Zusammen mit dem Stromerzeugungszähler der Photovoltaikanlage auf dem Dach lässt sich damit für jeden Teilnehmer genau errechnen, wie viel Strom aus welcher Quelle bezogen und wie viel ins Verteilnetz eingespeist wurde. Auf Basis dieser Bilanzierung generiert eine Abrechnungsplattform von Solarize automatisch jeden Monat eine Stromrechnung für das Onsite-PPA. Die Reststrommenge wird weiterhin vom jeweiligen Lieferanten des Mieters geliefert und in Rechnung gestellt.

SFV

Verbesserungen für Mieterstrom vorgeschlagen

Foto: Sven Bock/Berliner Stadtwerke

Der Solarenergie-Förderverein (SFV) hat in einer Stellungnahme an das Bundeswirtschaftsministerium (BMWK) Vorschläge zur Beschleunigung von Mieterstromprojekten vorgeschlagen. Neben den bereits umgesetzten und geplanten Maßnahmen weist der Verein unter anderem darauf hin, dass nicht nur die Netzanschlussverfahren, sondern auch die Abrechnungsprozesse der Netzbetreiber bundesweit standardisiert werden müssen. Dies gilt auch für die Regelungen zu den gemeinschaftlichen Anlagen zur Gebäudeversorgung, die die Bundesregierung nach österreichischem Vorbild einführen will. Diese Maßnahme ist – genauso wie das virtuelle Summenzählermodell – bei bürokratiearmer Umsetzung geeignet, die Abrechnung innerhalb einer Hausgemeinschaft zu erleichtern.
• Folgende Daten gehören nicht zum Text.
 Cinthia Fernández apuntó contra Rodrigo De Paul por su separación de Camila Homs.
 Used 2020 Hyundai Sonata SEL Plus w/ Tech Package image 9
Zudem fordert der SFV, den Mieterstromzuschlag auf mindestens fünf Cent pro Kilowattstunde ohne weitere Degression anzuheben. Dadurch können die Mieterstromanbieter und Vermieter den zusätzlichen Verwaltungsaufwand bei einer Mieterstromanlage abdecken. Zum Vergleich: Am Anfang dieses Jahres lag der Mieterstromzuschlag je nach Größe der Solaranlage zwischen 1,67 und 2,67 Cent pro Kilowattstunde. Dieser Zuschlag ist seither jeden Monat um 1,8 Prozent für neu installierte Anlagen gesunken und sinkt um den gleichen Wert immer weiter.

Zudem sollte für die Gewährung des Mieterstromzuschlags kein Antragsverfahren bei der Bundesnetzagentur mehr nötig sein. Der SFV fordert außerdem die Befreiung von der Stromsteuer gemäß Paragraf 9 des Stromsteuergesetzes. Dieser Paragraf regelt die Befreiung des selbst verbrauchten Solarstroms von der Stromsteuer. Da Mieterstrom ebenfalls vor Ort verbraucht wird – nur nicht vom Anlagenbetreiber selbst –, wäre diese Befreiung folgerichtig.